The underlying fundamentals that have supported gold in recent years such as sovereign debts, deficits and trade imbalances are likely to continue to keep the metal underpinned, but investors appear reluctant to chase ever-rising prices and that could be a factor in the gold market for 2012 and beyond, said CPM Group, a New York-based commodities consultancy, in its Gold Yearbook, released Tuesday.
“Investors (are) … showing signs of being increasingly willing to hold off on purchasing metal until prices soften from recent levels, a tendency that may continue in 2012 and beyond,” the firm said.
They said this investment approach was seen in gold exchange traded products during 2011. Investors sold some of their holdings into the price rally during the first seven months of the year and bought gold during the last part of the year when prices fell. Gold prices rose over $1,900 an ounce in September, but fell sharply afterward and have yet to retake that high-water mark.
“Such investor hesitance also was seen in gold coin buying patterns over the course of 2011, in Indian demand trends, and in other aspects of the gold investment market,” they said.
This change in gold buying could weigh on total investment demand and slow its rate of growth, they said. Gold will continue to find support from negative real interest rates globally and worries about fiat currencies, but those concerns will limit price breaks, rather than driving prices higher, they said.
Although private investor gold holdings fell in 2011, this comes on the back of two years of double-digit growth from already high levels of net additions to investor holdings, they said. For 2012, global net additions to investment demand are expected to decline slightly to 34.2 million ounces, down 0.5% from 2011 levels, which is still a high level, they said. Although it is expected to drop slightly, the strong interest in investment “suggests that investors are still interested in gold and will use any weakness in prices as a buying opportunity,” they said.
What this means is prices aren’t expected to fall sharply this year, but at the same time, prices shouldn’t rise above 2011’s record on a sustained basis.
Real interest rates are expected to remain at negative levels in 2012 as global growth is expected to slow, and these rates are expected to remain negative into 2013. “Interestingly, it should be noted that returns on gold historically showed a tendency to decline when real interest rates were lower than minus 2%,” they said.

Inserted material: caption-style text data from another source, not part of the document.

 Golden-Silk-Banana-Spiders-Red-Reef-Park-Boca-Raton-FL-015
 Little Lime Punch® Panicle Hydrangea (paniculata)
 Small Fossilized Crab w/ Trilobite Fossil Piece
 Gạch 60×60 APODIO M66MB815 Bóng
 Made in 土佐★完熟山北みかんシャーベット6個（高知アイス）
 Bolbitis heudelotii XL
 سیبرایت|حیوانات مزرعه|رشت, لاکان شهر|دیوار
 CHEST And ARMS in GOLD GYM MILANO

Gold may have to compete with equities in 2012, CPM Group said, “in part because of the weakness in these markets during 2011 and in part because many of these companies are sitting on large amounts of cash.”

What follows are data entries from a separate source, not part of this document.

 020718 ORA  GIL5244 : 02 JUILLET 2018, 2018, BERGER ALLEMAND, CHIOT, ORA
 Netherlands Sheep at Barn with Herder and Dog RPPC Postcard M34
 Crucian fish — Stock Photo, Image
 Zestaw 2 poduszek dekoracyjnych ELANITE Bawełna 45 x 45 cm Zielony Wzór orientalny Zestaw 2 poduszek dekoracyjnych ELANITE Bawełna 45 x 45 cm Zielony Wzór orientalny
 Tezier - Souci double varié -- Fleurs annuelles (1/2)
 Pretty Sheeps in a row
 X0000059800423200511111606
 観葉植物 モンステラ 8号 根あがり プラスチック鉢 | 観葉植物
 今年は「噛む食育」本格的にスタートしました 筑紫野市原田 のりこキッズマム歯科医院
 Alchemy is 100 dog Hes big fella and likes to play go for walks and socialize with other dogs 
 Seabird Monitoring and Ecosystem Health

CPM Group said some gold investors are banking on rising inflation because of global fiscal stimulus, but in the near-term the firm said it does not see this as an issue and said future inflation may not occur. “Monetary authorities are aware of this danger and plan to sop up the excess liquidity that could result when these funds begin being mobilized,” they said.
They also said the correlation between inflation and gold prices “is nearly non-existent. The correlation between gold prices and U.S. inflation studied on a monthly basis from 1970 to 2011 stood at 7%. This relation actually turned negative in the period between 1990 and 2011,” they said.